**The task:** With both ends included, transcribe exactly the records below from their first line to the line that contains "Genetic Trend Graph Lwt 2024".

[Opening Task material section]

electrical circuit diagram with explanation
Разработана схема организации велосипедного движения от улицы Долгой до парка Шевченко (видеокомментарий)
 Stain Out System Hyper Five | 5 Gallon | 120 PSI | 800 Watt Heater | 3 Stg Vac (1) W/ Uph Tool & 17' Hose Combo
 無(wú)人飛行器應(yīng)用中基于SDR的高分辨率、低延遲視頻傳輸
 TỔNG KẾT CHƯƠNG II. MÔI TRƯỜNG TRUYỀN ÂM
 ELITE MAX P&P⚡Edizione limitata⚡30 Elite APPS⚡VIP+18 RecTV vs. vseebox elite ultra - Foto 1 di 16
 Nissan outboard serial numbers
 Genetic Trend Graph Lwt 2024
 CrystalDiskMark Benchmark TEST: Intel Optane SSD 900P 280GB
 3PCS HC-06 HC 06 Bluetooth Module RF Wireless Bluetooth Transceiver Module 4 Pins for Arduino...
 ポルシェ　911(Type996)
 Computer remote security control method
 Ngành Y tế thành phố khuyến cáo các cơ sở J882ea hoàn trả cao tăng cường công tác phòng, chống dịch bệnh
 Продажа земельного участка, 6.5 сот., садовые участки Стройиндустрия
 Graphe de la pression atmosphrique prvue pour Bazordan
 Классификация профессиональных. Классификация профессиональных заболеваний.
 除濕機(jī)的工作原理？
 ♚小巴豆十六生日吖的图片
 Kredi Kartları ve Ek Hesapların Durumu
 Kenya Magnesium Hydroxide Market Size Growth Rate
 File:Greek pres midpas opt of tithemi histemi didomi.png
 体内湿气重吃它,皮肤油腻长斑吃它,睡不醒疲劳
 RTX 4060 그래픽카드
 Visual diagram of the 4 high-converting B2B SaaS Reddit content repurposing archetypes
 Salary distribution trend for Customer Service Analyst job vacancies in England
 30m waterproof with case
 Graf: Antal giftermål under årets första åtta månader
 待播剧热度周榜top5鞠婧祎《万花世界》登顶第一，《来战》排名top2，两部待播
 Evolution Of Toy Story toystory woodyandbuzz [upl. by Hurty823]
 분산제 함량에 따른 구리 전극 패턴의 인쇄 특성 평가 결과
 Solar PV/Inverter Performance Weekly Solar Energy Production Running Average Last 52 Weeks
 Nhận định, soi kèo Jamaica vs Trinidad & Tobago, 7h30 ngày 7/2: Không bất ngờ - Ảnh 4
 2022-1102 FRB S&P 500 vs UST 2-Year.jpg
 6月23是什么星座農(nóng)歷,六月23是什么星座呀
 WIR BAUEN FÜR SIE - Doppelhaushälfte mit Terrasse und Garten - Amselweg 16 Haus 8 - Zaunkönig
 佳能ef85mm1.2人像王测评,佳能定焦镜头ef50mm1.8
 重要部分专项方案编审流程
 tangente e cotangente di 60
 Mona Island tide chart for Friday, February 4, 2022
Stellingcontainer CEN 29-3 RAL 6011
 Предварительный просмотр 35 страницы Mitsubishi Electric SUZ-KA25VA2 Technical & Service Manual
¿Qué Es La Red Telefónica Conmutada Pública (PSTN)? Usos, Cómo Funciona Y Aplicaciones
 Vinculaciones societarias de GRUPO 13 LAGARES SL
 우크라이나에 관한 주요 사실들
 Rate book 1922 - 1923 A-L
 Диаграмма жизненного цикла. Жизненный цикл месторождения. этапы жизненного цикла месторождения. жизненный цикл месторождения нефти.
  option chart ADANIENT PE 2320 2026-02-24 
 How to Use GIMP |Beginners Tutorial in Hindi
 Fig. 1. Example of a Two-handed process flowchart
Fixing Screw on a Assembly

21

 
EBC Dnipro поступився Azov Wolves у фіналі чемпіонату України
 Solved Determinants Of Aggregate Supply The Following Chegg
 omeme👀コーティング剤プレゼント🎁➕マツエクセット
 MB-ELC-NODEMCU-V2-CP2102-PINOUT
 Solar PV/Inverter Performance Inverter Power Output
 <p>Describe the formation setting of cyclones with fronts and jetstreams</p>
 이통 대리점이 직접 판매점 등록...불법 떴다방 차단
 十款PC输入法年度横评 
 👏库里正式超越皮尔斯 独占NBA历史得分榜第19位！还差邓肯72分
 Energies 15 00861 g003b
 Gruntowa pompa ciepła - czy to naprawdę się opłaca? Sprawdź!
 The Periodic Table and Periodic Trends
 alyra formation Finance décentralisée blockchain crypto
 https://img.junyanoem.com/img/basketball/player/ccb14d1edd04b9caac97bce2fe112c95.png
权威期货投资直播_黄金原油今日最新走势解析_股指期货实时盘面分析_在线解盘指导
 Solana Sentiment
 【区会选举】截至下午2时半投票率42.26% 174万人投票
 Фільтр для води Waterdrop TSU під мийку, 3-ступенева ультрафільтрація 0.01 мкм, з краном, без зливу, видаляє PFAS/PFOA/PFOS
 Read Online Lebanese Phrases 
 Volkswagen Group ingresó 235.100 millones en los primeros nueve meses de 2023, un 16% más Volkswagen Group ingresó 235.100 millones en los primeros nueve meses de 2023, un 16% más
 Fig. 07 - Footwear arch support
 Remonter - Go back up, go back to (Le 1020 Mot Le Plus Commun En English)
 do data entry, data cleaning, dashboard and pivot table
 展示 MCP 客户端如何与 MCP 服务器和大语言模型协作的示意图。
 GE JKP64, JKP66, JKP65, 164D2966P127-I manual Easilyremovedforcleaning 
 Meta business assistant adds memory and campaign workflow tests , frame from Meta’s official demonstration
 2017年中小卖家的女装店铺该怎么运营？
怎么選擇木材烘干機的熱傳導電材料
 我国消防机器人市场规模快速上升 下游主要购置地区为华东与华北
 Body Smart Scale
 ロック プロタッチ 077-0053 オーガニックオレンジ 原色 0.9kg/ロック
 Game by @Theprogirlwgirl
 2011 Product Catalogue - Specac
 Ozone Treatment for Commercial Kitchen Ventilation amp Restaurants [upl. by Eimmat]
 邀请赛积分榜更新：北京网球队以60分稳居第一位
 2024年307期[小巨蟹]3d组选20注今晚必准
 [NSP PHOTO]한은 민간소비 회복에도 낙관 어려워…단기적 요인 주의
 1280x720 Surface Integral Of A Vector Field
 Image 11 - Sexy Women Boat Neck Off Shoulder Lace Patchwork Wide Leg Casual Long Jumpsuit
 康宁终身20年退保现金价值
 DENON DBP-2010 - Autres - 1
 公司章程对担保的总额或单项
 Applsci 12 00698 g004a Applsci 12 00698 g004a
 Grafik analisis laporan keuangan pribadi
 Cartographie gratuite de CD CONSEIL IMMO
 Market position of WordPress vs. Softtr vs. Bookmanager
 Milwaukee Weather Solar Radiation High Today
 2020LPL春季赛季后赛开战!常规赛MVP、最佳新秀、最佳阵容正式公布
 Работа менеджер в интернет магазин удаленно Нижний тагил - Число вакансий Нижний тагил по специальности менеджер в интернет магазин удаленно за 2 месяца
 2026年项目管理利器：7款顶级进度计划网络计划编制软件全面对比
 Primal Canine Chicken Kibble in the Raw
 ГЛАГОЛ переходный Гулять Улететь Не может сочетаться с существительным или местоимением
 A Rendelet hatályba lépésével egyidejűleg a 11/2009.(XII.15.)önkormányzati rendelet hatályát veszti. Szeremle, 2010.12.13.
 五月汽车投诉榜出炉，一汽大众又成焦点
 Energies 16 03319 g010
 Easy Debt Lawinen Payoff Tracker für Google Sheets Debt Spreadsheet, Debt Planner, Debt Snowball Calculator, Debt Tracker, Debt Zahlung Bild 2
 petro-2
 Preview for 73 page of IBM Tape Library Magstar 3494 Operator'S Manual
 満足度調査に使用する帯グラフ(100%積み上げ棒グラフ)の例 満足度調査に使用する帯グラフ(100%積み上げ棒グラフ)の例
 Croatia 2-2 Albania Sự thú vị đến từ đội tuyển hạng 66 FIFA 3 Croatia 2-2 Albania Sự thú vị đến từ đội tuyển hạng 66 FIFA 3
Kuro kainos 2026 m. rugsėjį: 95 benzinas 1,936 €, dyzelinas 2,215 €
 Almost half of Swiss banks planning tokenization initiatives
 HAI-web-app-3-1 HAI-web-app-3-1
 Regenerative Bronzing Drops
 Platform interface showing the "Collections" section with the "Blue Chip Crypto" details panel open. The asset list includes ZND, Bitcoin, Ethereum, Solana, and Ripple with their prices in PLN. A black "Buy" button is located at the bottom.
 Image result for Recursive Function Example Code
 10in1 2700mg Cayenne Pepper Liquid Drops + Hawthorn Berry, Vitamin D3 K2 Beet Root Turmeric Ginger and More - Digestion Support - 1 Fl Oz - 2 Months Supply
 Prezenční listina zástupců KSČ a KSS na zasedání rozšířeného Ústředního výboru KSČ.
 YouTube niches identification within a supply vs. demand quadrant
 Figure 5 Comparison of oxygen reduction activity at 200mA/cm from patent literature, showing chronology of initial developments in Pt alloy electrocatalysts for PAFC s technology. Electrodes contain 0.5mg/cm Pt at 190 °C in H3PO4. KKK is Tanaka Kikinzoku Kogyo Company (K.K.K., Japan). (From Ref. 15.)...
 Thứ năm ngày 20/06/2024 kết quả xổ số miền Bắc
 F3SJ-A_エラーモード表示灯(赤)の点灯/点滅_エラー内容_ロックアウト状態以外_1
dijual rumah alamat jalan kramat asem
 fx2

[Closing Task material section]

**Exercise solution:**
electrical circuit diagram with explanation
Разработана схема организации велосипедного движения от улицы Долгой до парка Шевченко (видеокомментарий)
 Stain Out System Hyper Five | 5 Gallon | 120 PSI | 800 Watt Heater | 3 Stg Vac (1) W/ Uph Tool & 17' Hose Combo
 無(wú)人飛行器應(yīng)用中基于SDR的高分辨率、低延遲視頻傳輸
 TỔNG KẾT CHƯƠNG II. MÔI TRƯỜNG TRUYỀN ÂM
 ELITE MAX P&P⚡Edizione limitata⚡30 Elite APPS⚡VIP+18 RecTV vs. vseebox elite ultra - Foto 1 di 16
 Nissan outboard serial numbers
 Genetic Trend Graph Lwt 2024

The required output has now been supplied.